== Data section ==
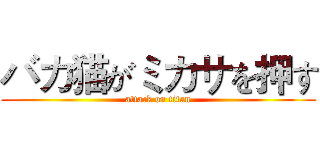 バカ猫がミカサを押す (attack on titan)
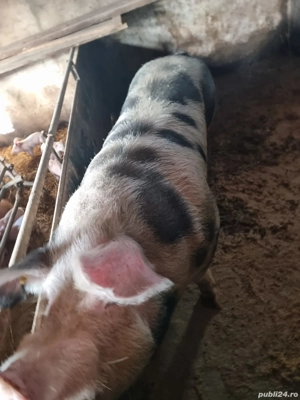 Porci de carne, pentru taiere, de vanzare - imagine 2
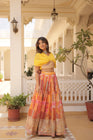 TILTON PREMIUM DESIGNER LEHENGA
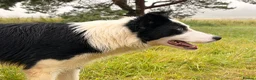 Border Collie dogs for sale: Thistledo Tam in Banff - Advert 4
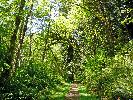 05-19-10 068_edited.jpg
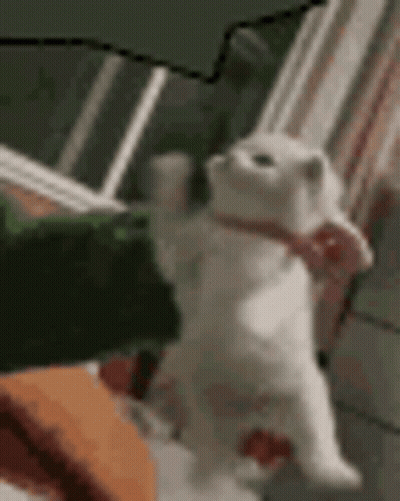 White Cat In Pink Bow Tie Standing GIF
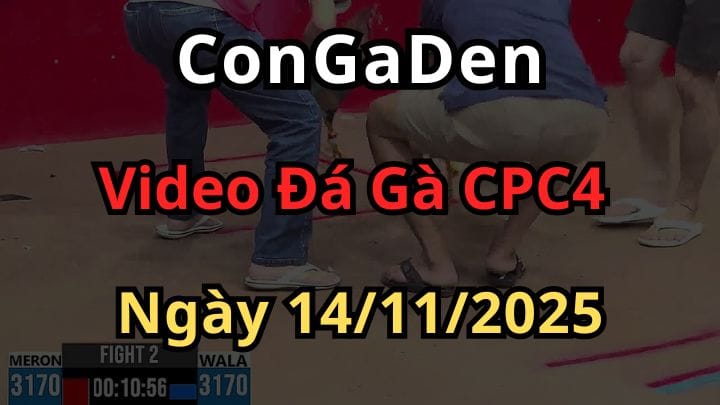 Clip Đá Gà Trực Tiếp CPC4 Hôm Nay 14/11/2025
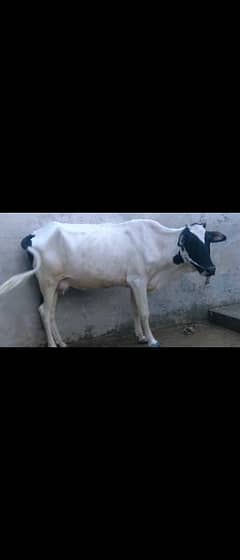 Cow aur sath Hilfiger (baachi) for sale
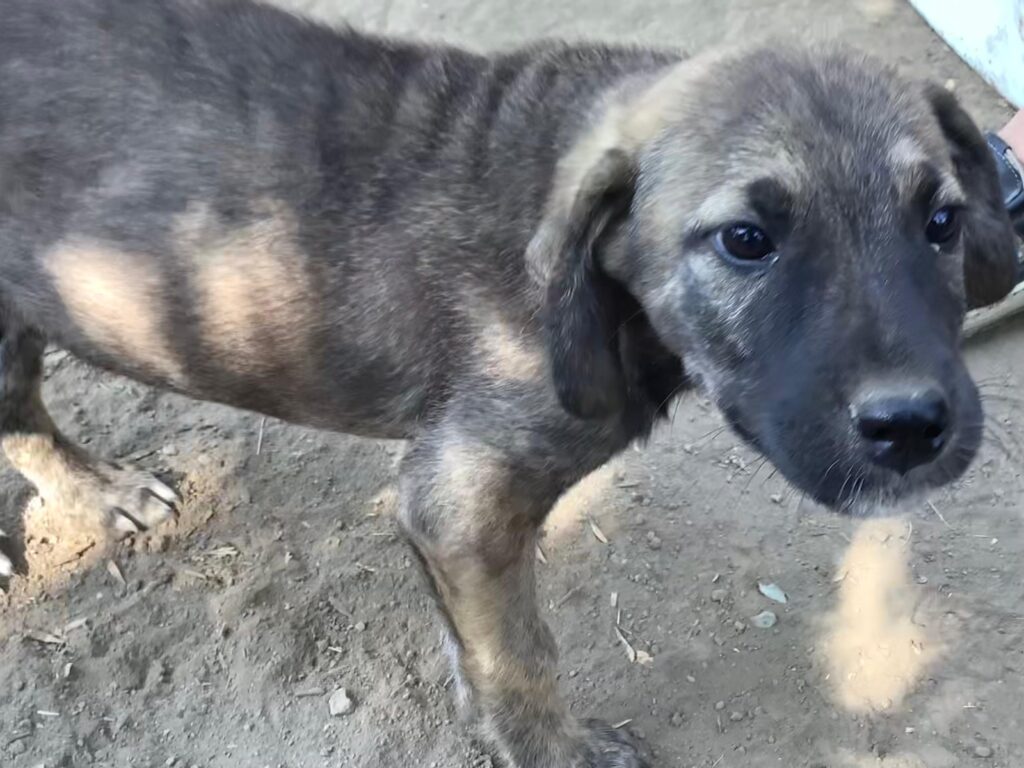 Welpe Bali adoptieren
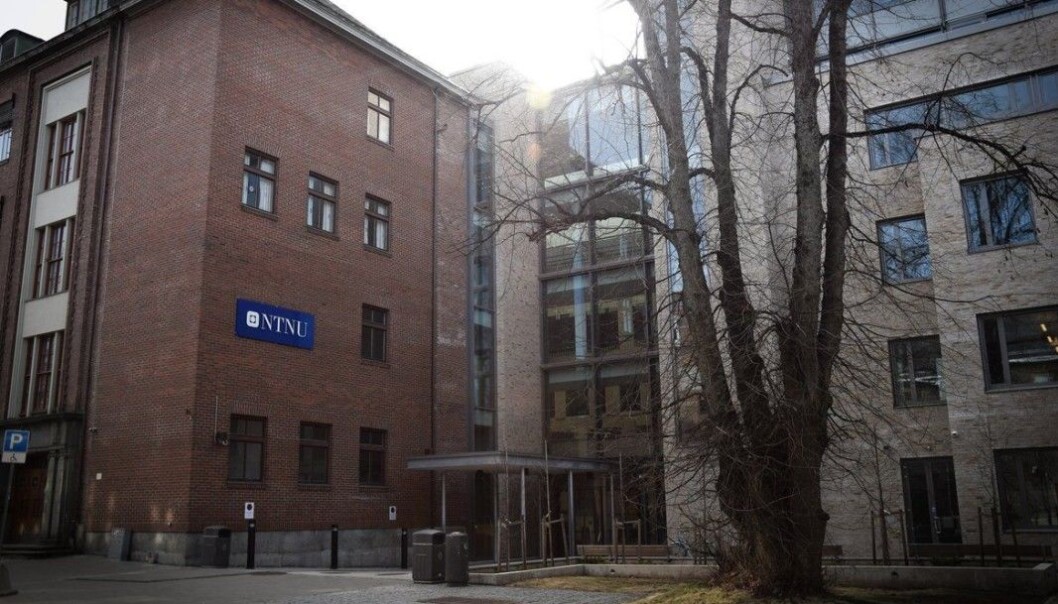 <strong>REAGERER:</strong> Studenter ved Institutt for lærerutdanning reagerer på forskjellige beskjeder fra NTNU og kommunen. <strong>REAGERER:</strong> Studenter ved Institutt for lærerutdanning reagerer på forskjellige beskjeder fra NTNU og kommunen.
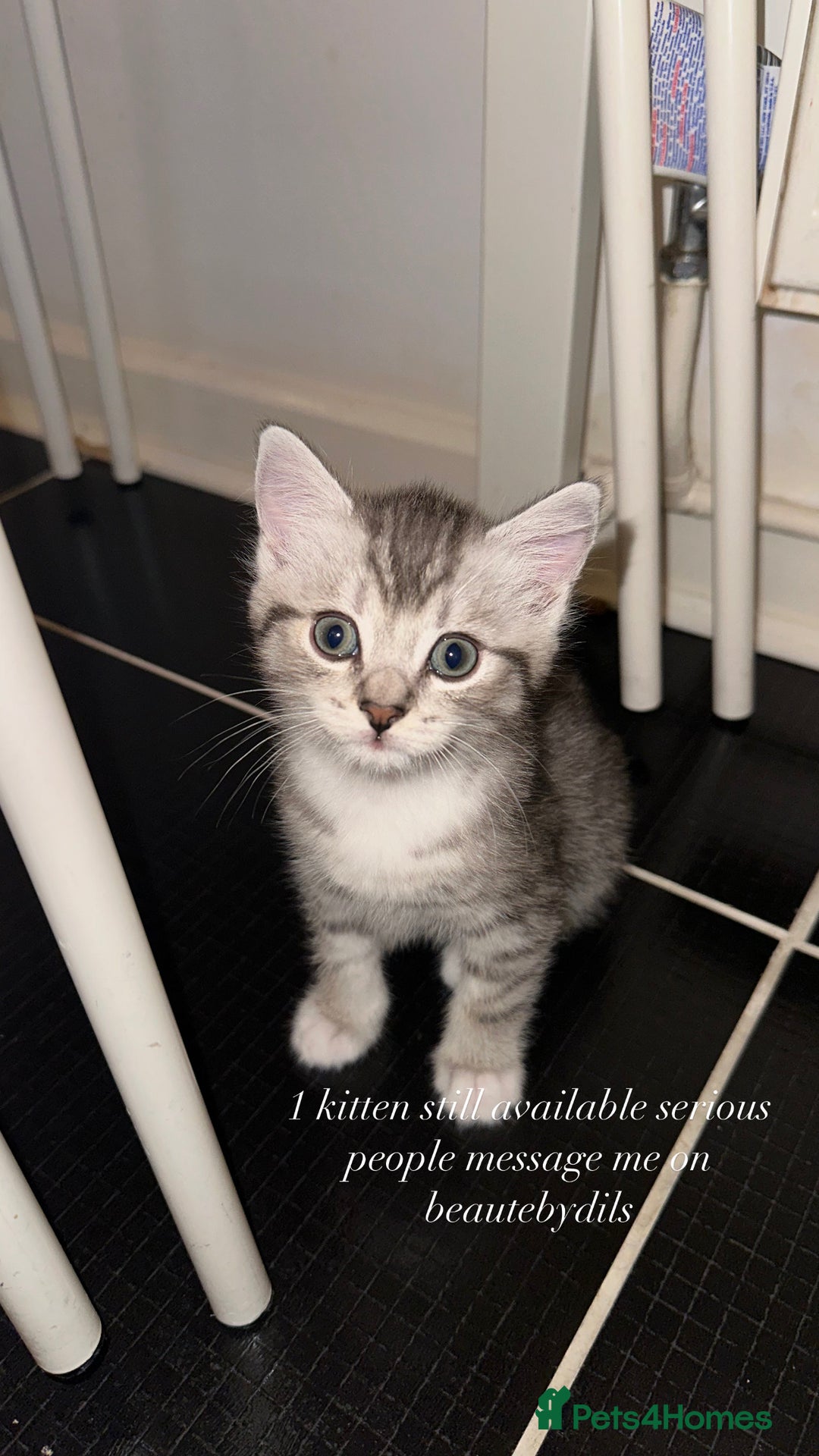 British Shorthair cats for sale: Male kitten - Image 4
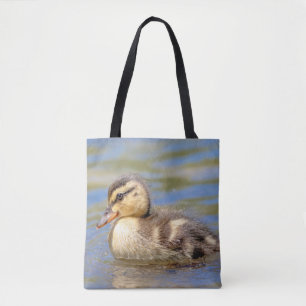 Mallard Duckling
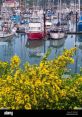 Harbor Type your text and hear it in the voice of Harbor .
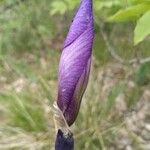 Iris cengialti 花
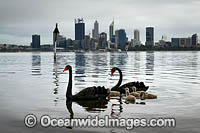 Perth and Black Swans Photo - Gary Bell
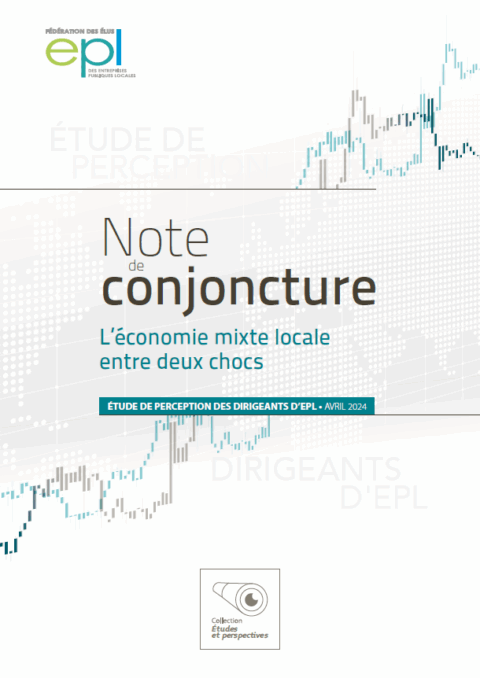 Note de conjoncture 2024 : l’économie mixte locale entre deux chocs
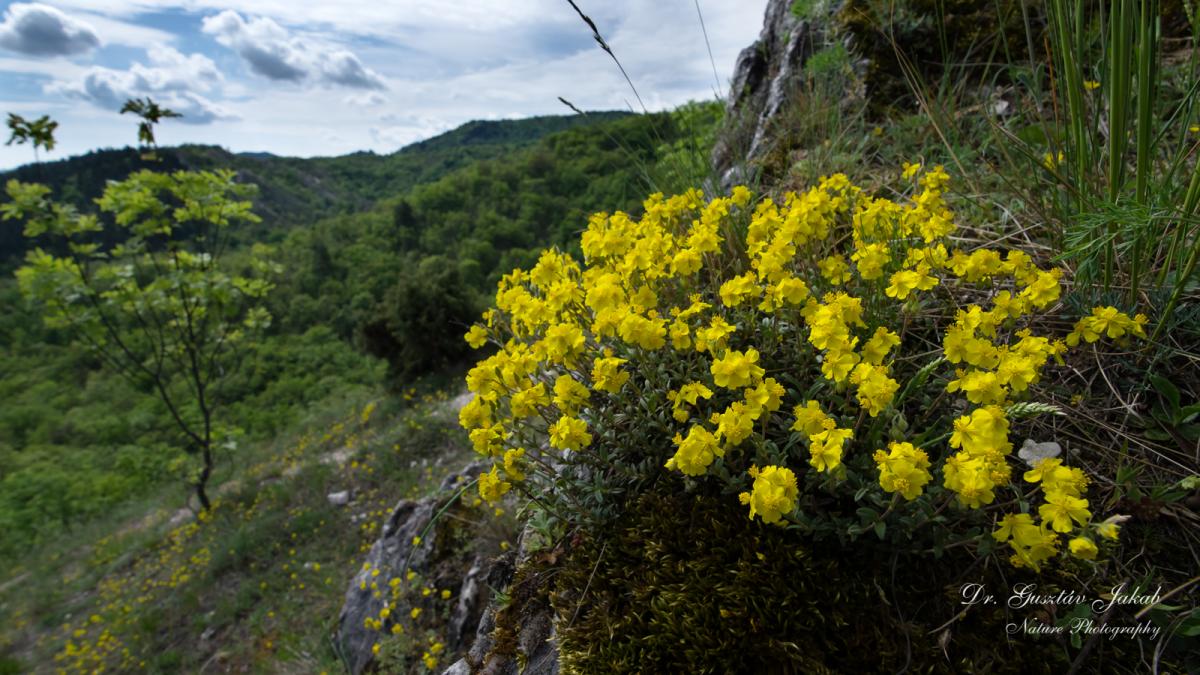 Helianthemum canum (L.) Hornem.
===
→ Task directions: Retype exactly the lines from the one containing "Note de conjoncture" through the last line of the records above, both included, and leave out any pictures.

→ Result of the task:
 Note de conjoncture 2024 : l’économie mixte locale entre deux chocs
 Helianthemum canum (L.) Hornem.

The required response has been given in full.